An Initial Public Offering (IPO) prospectus is the report prepared by a corporation when it is seeking to raise capital from investors by selling company shares of stock to the public. The IPO prospectus details the reasons for the IPO, how the company plans to use the capital raised, and the risk factors involved in the business. Careful evaluation of the IPO prospectus can help a potential investor steer clear of a company that is seeking money to bail itself out of a difficult financial situation or allow some shareholders to sell their ownership in the company.
An IPO prospectus is a lengthy and wordy document that can be confusing to someone unfamiliar with the format or the terminology. It contains many details about the company and its business environment and considers many possible risks. A potential investor should focus on learning about the company's recent performance and the reasons for the IPO.
In general, an investor should look for a company that is a "going concern," i.e., an entity that is profitable and growing with well-managed operations, no excessive indebtedness, and no recent major problems. In the section of the IPO prospectus called "Summary Consolidated Financial Data," the company's most recent financial results will be presented; in the section titled "Management Discussion and Analysis," company executives provide an analysis of the balance sheet. Revenue for the current year that is less than the prior year or a profit margin for the current year that is lower than the prior year can be a warning sign unless these issues are adequately explained by the management analysis. If the accounting firm expresses any reservations about the company's financial procedures or its ability to remain in business in the "Report of Independent Auditors," this too is a major warning sign.
In the section titled "Use of Proceeds," the reader will find the company's declaration of how it intends to use the capital raised by the IPO. If the capital will be used to pay off debts or to purchase shares from earlier investors, this might indicate that the company is having problems maintaining cash flow or that the earlier investors are uncomfortable retaining their investment in the company. A more positive option would be the intended use of capital to expand or upgrade facilities for anticipated growth. If the company wants to modernize processing equipment or computer systems, these are also forward-looking uses of capital that might be detailed in the IPO prospectus.

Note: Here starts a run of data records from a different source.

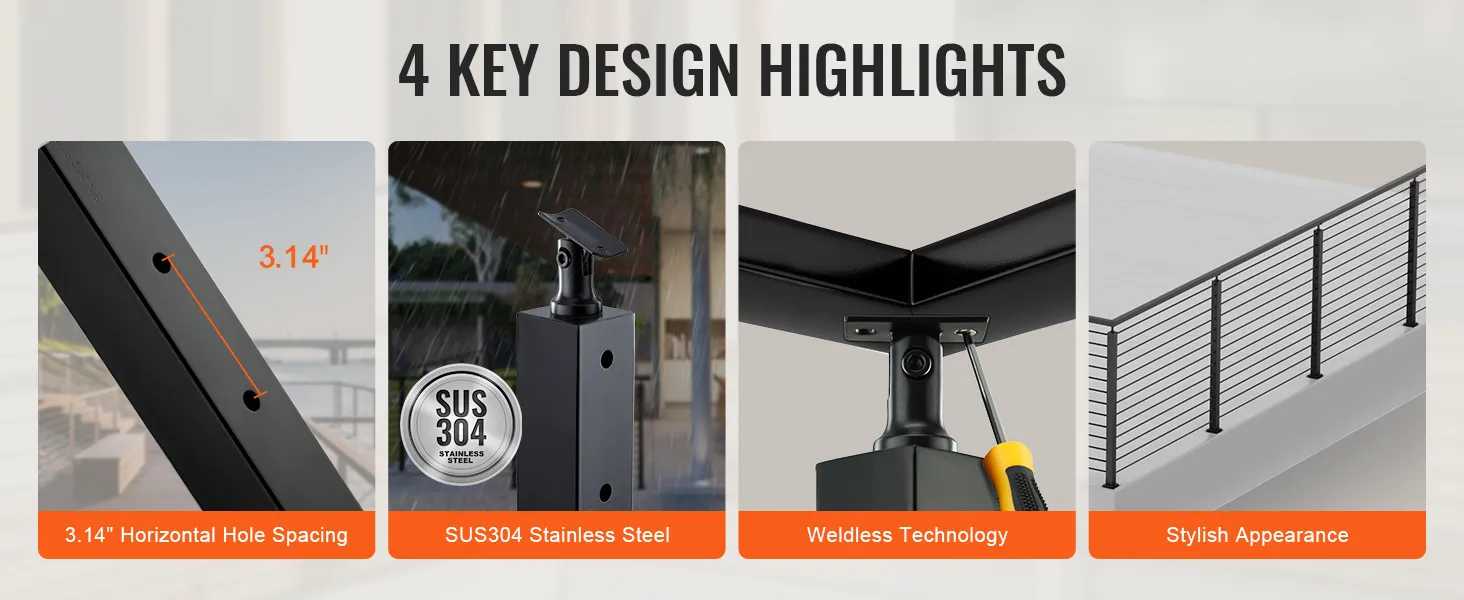 VEVOR cable railing post showcasing 3.14" hole spacing, sus304 stainless steel, weldless technology, stylish look.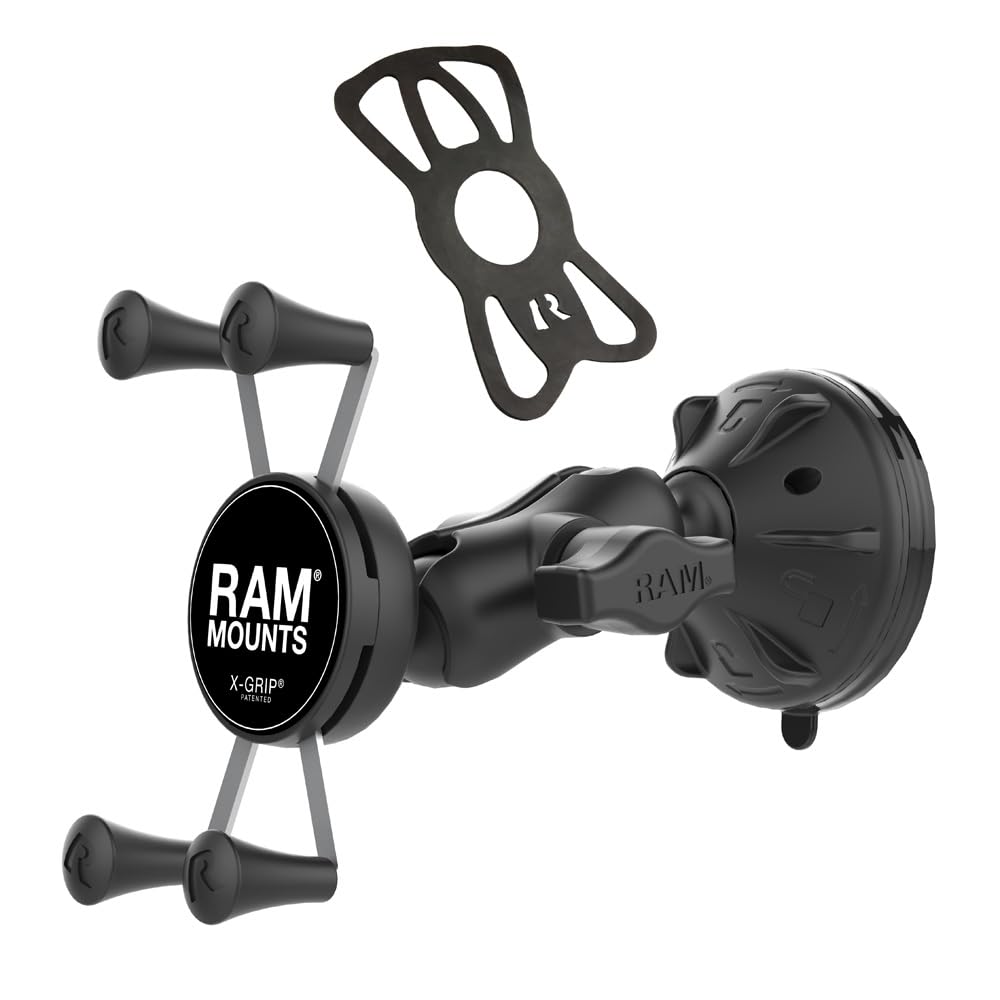 RAM MOUNTS Phone Mount for Car Windshield & Dash with Low-Profile Twist-Lock Suction Cup, X-Grip Holder with Short Arm for Smartphones
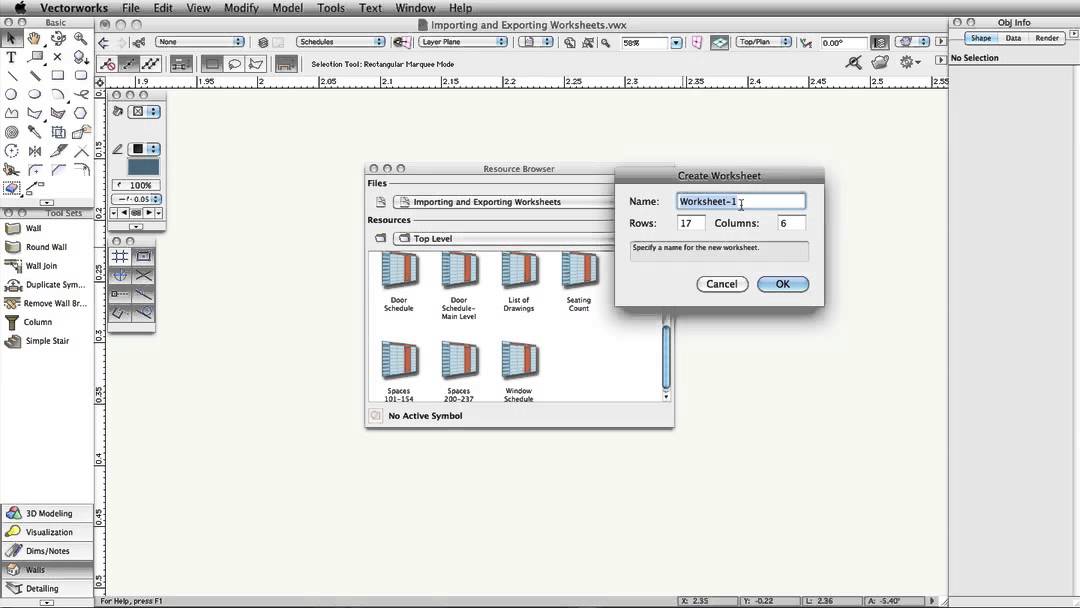 importing and exporting worksheets in vectorworks youtube
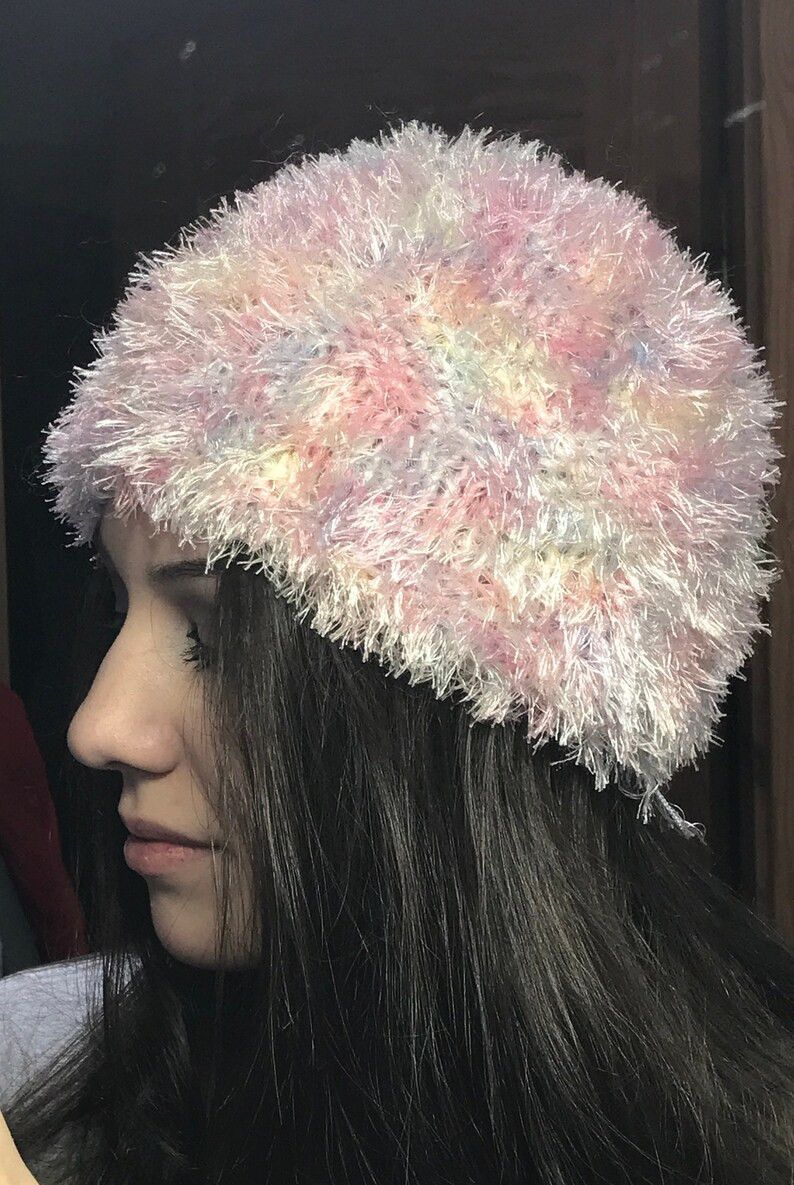 Handmade Vintage Rainbow Fluffy Cute Kawaii Knitted Hand Made Hat Size ONE SIZE - 3 Thumbnail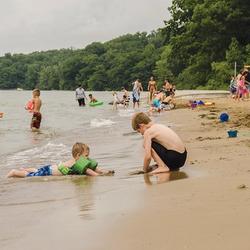 Family fun on the beach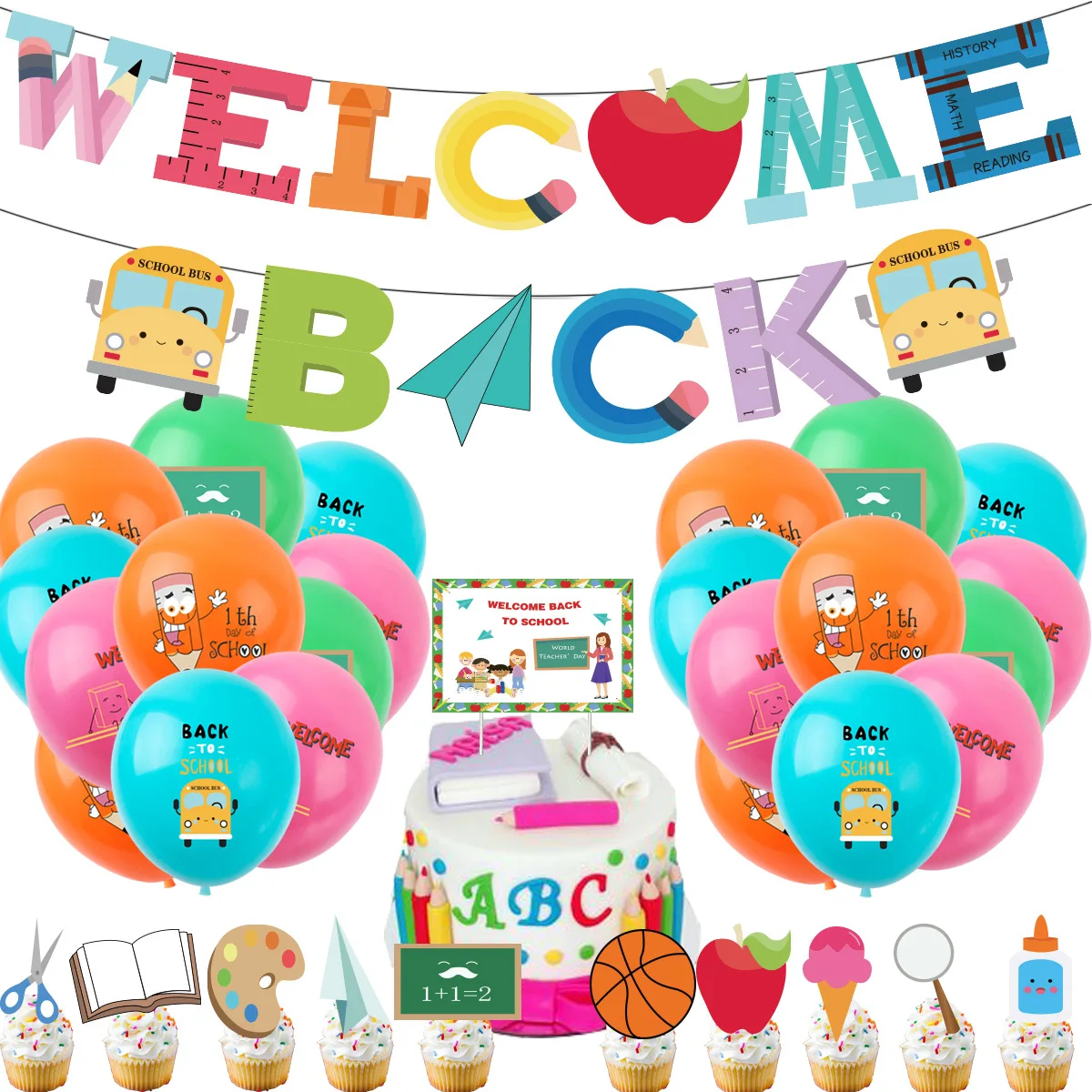 

Wecome Back To School Theme Latex Balloon with Cake Topper Banner Animation School Party Supplie Decoration Kid Toy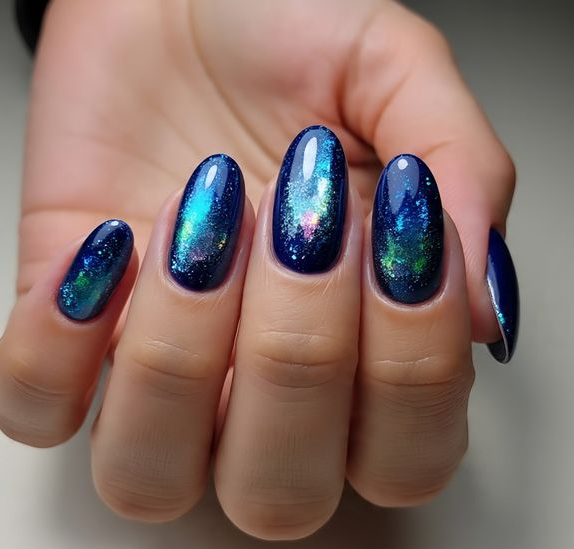 blue christmas nails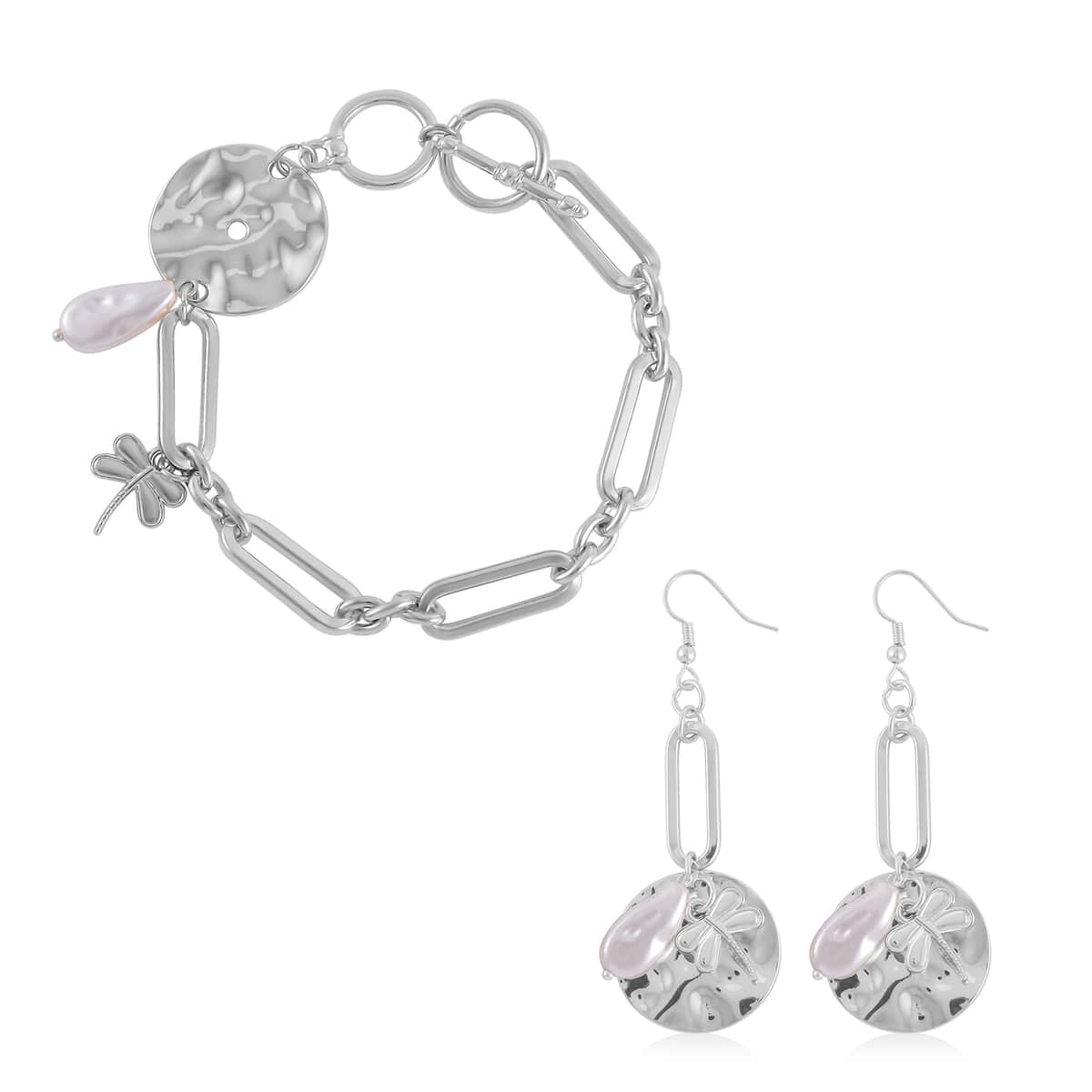 Simulated Pearl Paper Clip Chain Toggle Clasp Bracelet (8In) and Dangle Earrings in Silvertone image number 0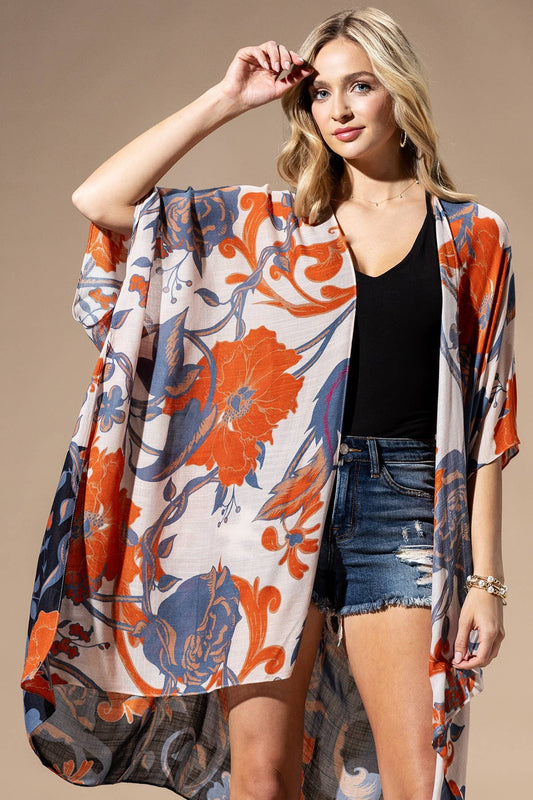Dusk Floral Viscose Kimono: ORANGE BLUE MULTI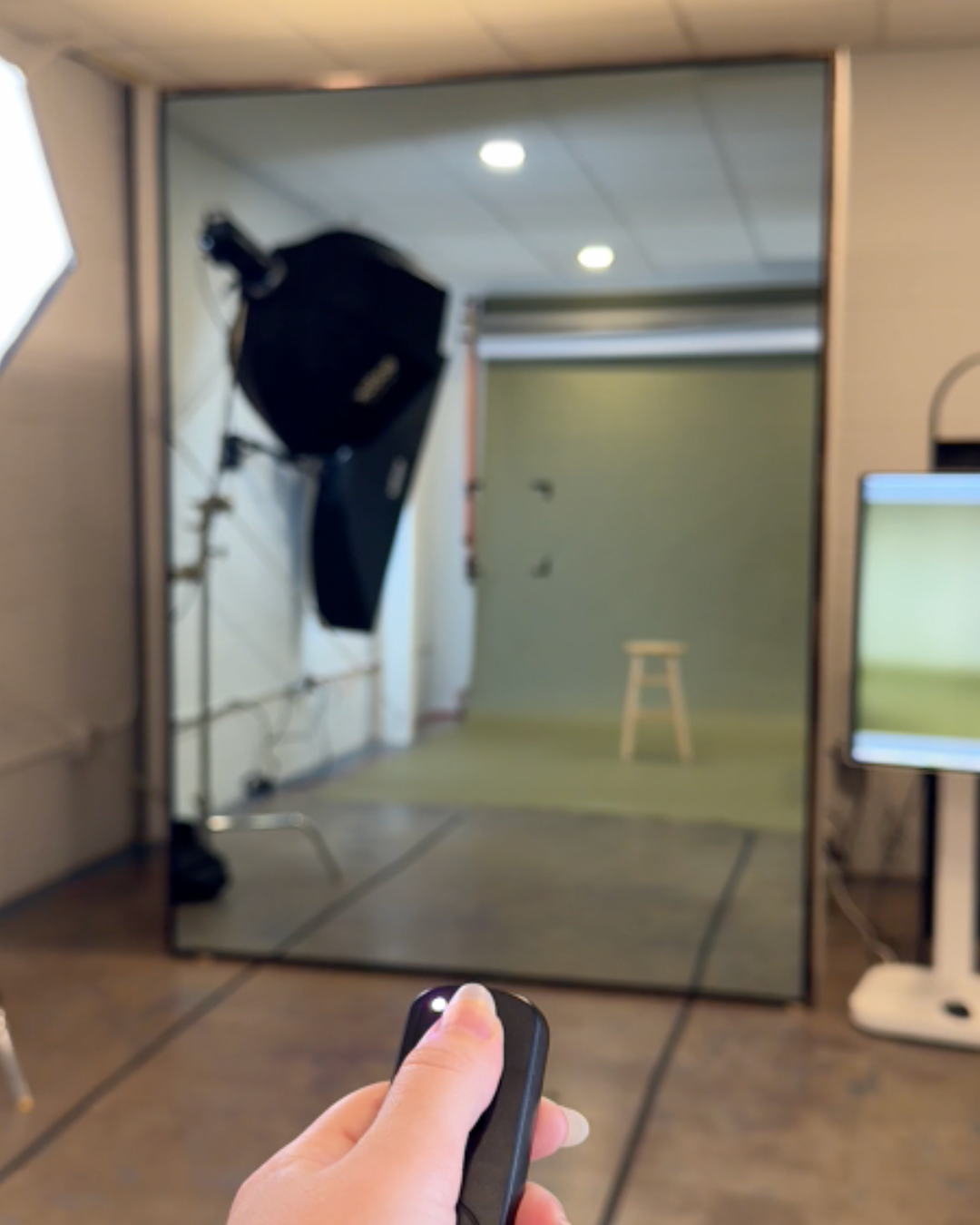 A remote camera trigger is held in frame in front of a mirror photo booth and monitor in a photo studio.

Another consideration of the IPO prospectus is the environment in which the company operates. If it produces only one product with a limited potential market, this will affect its ultimate success. Companies that rely on only one or few principal customers might also be in serious trouble if those customers take their business elsewhere. Potential regulatory changes or pending litigation might also have an impact on future growth. All these potential problems should be laid out in the section called "Risk Factors."
A person reviewing an IPO prospectus should do enough study and investigation to be comfortable with the company and its operating environment. Additional analyses provided by investment banks and underwriters can assist the potential investor because these analyses are prepared by financial professionals who are in the business of evaluating the financial health of companies. If the investor still has concerns, addressing questions to the company directly or to the investment bank representing the IPO can provide answers.